2.76      In October 2013, the then Liquor Control Board adopted detailed rules for implementing Initiative 502. These rules describe the marijuana license qualifications and application process, application fees, marijuana packaging and labelling restrictions, recordkeeping and security requirements for marijuana facilities, and reasonable time, place, and manner advertising restrictions. Under the rules, Washington State imposes an excise tax of 25% of the selling price on each licenced marijuana sale, taxing each point of the sales process: from producer to processor, from processor to retailer, and from retailer to consumer.[87]
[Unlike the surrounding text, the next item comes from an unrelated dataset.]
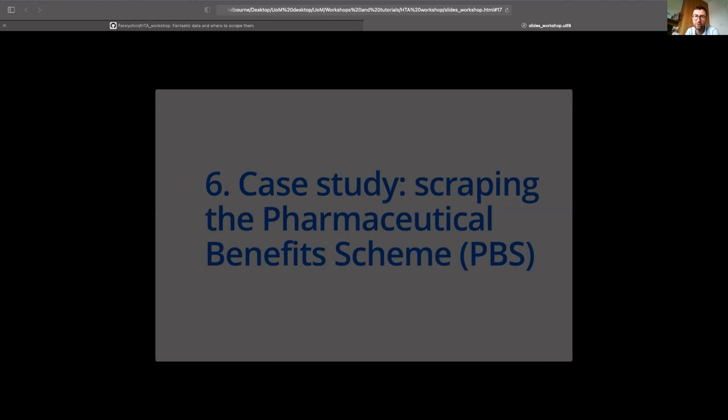Thank you. Thanks very much — I thought it was a very good presentation, especially for giving a balanced overview of the ethical issues around scraping. It would be lovely to have further work on scraping showing more of the detail, as you suggested.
2.77      On 24 April 2015, the Medical Marijuana Regulation, Second Substitute Senate Bill 5052, Chapter 70 of 2015 (Cannabis Patient Protection Act 2015 or CPPA) was made law.[88] The CPPA was intended to shift the regulation of medicinal cannabis to fall under the same regulations developed under Initiative Measure No. 502, regulating the recreational cannabis market. The CPPA was also designed to ensure that patients retain their ability to grow their own marijuana for their own medical use and that patients have the ability to possess more marijuana-infused products, useable marijuana, and marijuana concentrates than what is available to a non-medical user. It further allows for medical‑specific regulations to be adopted as needed, after consultation with the departments of health and agriculture, so that safe handling practices and testing standards for medical products meet or exceed those standards in use in the recreational market.[89]

The Dutch approach

2.78      In the Netherlands, the production of medicinal cannabis is overseen by the Bureau voor Medicinale Cannabis (the Office for Medicinal Cannabis or OMC), which supervises both growers and distributors and guarantees the quality of medicinal cannabis products sold in the Netherlands. The OMC also has a monopoly on the import and/or export of medicinal cannabis and its supply.[90]

2.79      Cannabis is cultivated in the Netherlands by a single, state-licenced supplier, Bedrocan BV, a limited liability company. Cultivation is strictly controlled ensuring a highly standardised product with a consistent genetic profile.[91] To be sold in the Netherlands, medicinal cannabis must meet certain quality criteria and must not contain any pesticides, heavy metals, fungi or bacteria. To ensure quality control, an independent company contracted by the government tests each batch of cannabis and provides a certificate of analysis, which is made available for inspection by patients and doctors.[92]

2.80      The OMC allows for selected varieties of cannabis to be purchased on prescription through Dutch pharmacies, each with a different composition and strength to best target the symptoms of the individual patient. Although the method of administering the medicinal cannabis is not regulated, it is recommended that the patient avoid smoking the medicinal cannabis, but instead employ methods such as drinking a tea made from the cannabis or inhaling the product through an inhaler.[93]